Par ailleurs, le Karst est l'un des rares types de paysages présentant une troisième dimension, étant admis que le paysage "normal" correspond à une surface - donc à deux dimensions - déformée. Les réseaux de cavités de l'endokarst, qui ajoutent une dimension souterraine supplémentaire, expliquent les particularités de l'exokarst.
Le problème fondamental de la karstologie est d'expliquer les rapports complexes existant entre le paysage karstique et son drainage souterrain. Le problème pratique est donc d'obtenir un stock de données aériennes et souterraines homogènes permettant de mettre en rapport la dynamique actuelle, observées sous diverses latitudes et altitudes, avec les formes et remplissages connus en surface et sous terre. Le cas des paléokarsts ne sera pas envisagé ici.
La karstologie se présente comme une science charnière, exploitant les données hydrogéologiques, géochimiques, géotechniques, etc., dont les méthodes conditionnent son développement. En outre, de par sa composante endokarstique elle est inséparable de la pratique spéléologique, et, plus particulièrement, de la découverte des grands réseaux souterrains susceptibles d'être mis en rapport avec l'hydrographie superficielle.
Dans le cadre de cette note, nous ne considérerons que 4 disciplines complémentaires, ayant joué un rôle déterminant dans le développement de la karstologie :
Nous subdiviserons le développement de la karstologie en 5 étapes :
Les deux formes caractéristiques d'un karst sont les cavernes (grottes et gouffres) et, dans le paysage, les bassins fermés (dolines et poljes). Elles s'associent aux formes non-karstiques (vallées, rivages, volcans, ...) pour créer des paysages et des structures géologiques de types variés.
Les grottes et cavernes furent longtemps considérées, soit comme des curiosités naturelles - assimilables aux rocailles décorant les jardins du XVIIème siècle -, soit comme un mode d'explication d'ailleurs mythique - renvoyons à Platon et à Kircher (Ellenberger, 1988) . Les paysages et les cavités du Karst de Carniole (Slovénie actuelle) attirèrent l'attention des voyageurs, citons Schônleben (1681) et Valvasor (1689), cela jusqu'en 1854, date de la publication, par l'Académie des Sciences de Vienne, de "Die Grotten ... Adelsberg..." du Dr Adolf Schmidl, présentant les explorations poursuivies pendant 4 ans dans les 8 km de galeries des grottes d'Adelsberg-Postumia. A. Schmidl "doit être considéré ... comme le véritable organisateur de la spélaeologie" (Martel, 1894). Ajoutons, qu'en France, le réseau de la Grotte de Miremont-Rouffignac (Dordogne), long de 4 900 m, était connu depuis le XVIème siècle (Belleforest, 1575) et fut topographié pour la première fois en 1770 (Bouchereau, 1966) ; mais cette curiosité n'avait pas suscité un intérêt réel.

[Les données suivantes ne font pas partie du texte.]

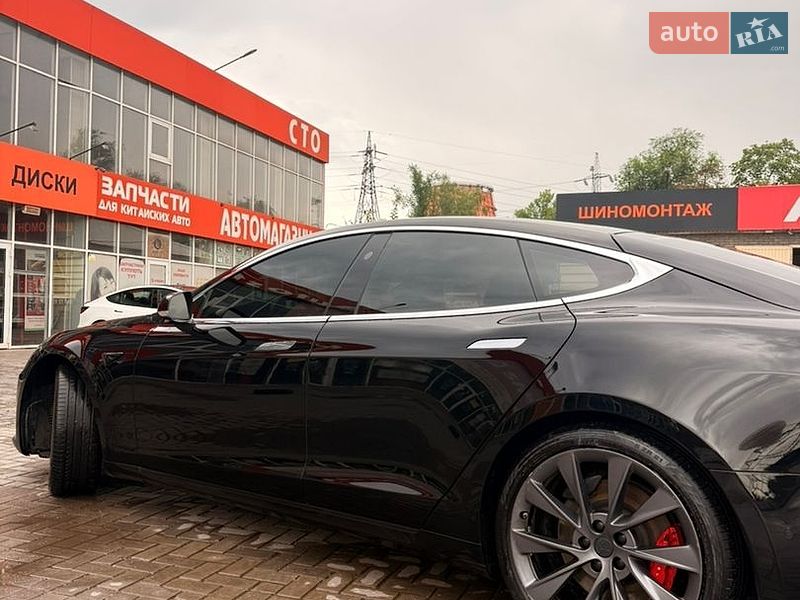 Лифтбек Tesla Model S 2019 в Кривом Роге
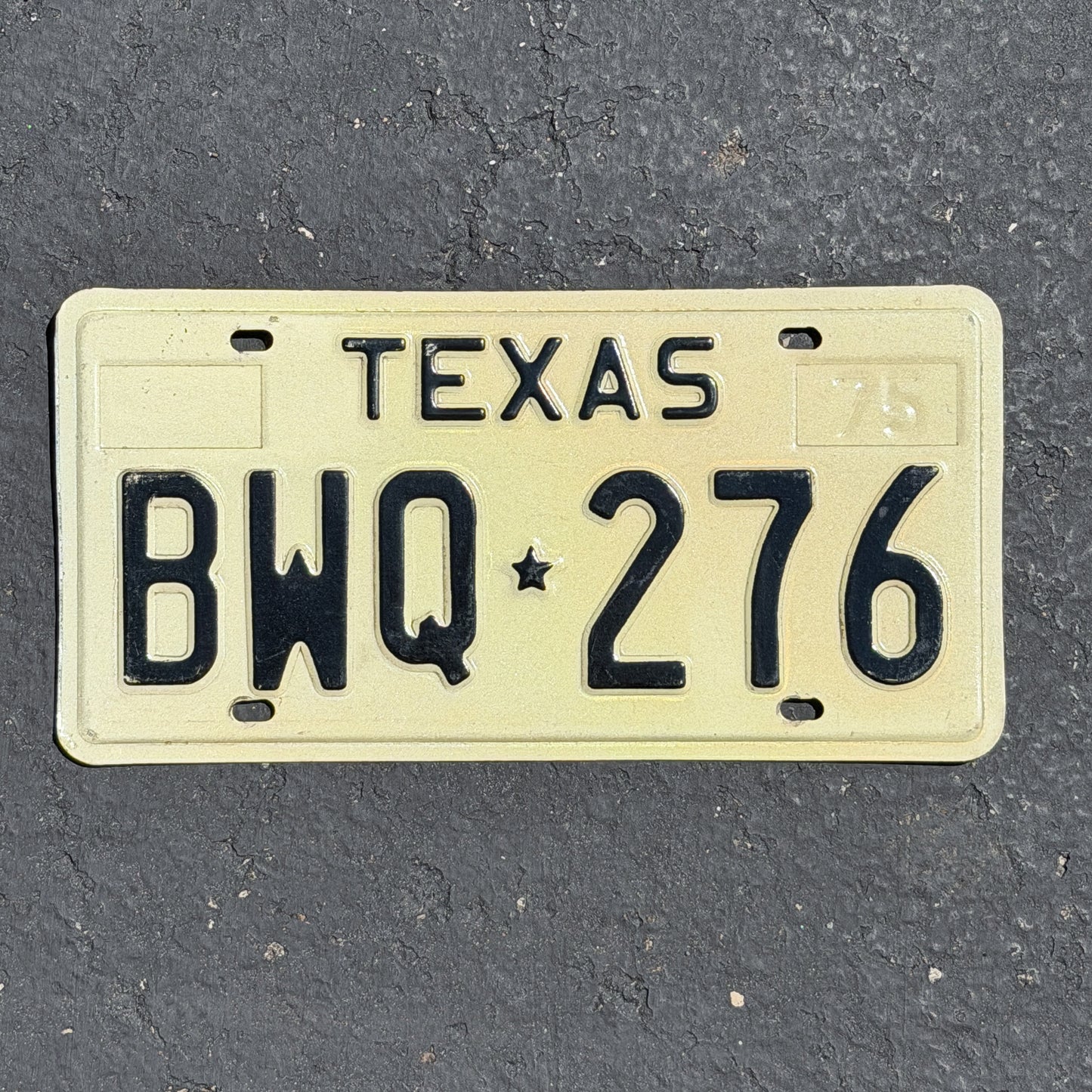 Photo of a 1975 Texas License Plate Auto Tag Garage Decor Vintage BWQ 276 with original patina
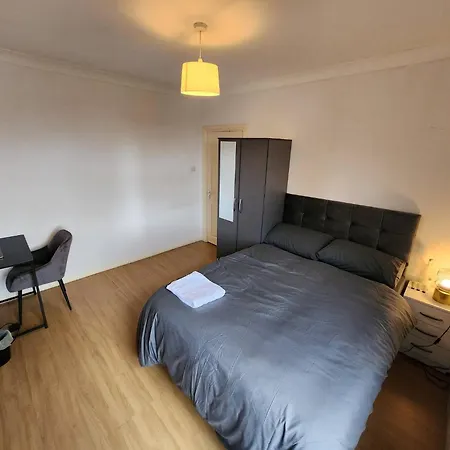 London 2 Bed Sleeps 5 To 6 Netflix Family Friendly Apartment *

En 1854, depuis plusieurs siècles, des idées sur la spéléogenèse ont été émises, en ordre dispersé, soit par les paléontologistes ayant fouillé les grottes à ossements, comme Jules Desnoyers (1800-1887) ou Marcel de Serres (1780-1863), soit par les géologues de terrain, soit par des voyageurs. Toutes les hypothèses possibles ont été envisagées, chimiques, les plus anciennes de nature catastrophiste - processus mécaniques, éruptifs ou diluviens, voire érosifs (abrasion), et en désaccord avec les conceptions actualistes - ou "uniformitaristes" - ici retenues comme synonymes d'actions lentes de nature géochimique - dans la perspective de nos connaissances actuelles. En fin de siècle, tous les éléments nécessaires pour une théorie spéléogénétique étaient réunis. Il faut attendre les concepteurs qui en réaliseront la synthèse (Shaw, 1979).
Entre temps, la géomorphologie s'est constituée à partir de la fin du XVIIIème siècle avec Guettard (1774), puis Louis Agassiz (1836) (Tricart, 1965, p.57). Le paysage karstique n'était pas pris en compte, donnant surtout une impression de désordre (Penck, 1904) aux théoriciens du réseau hydrographique.
Entre 1848 et 1916, l'Empereur François-Joseph de Habsbourg dirigeait un empire couvrant le SE de l'Europe. Dans celui-ci, la région du Karst posait des problèmes particuliers de frontière et de société. C'est ainsi que, après Esper (1742-1810), Schmidl fut envoyé en mission par l'administration impériale pour explorer les grottes d'Adelsberg.
Les bassins fermés ne furent pas décrits avant le XIXème siècle. Il faut attendre Cvijic' pour qu'une première interprétation en soit esquissée (Blanc, 1959).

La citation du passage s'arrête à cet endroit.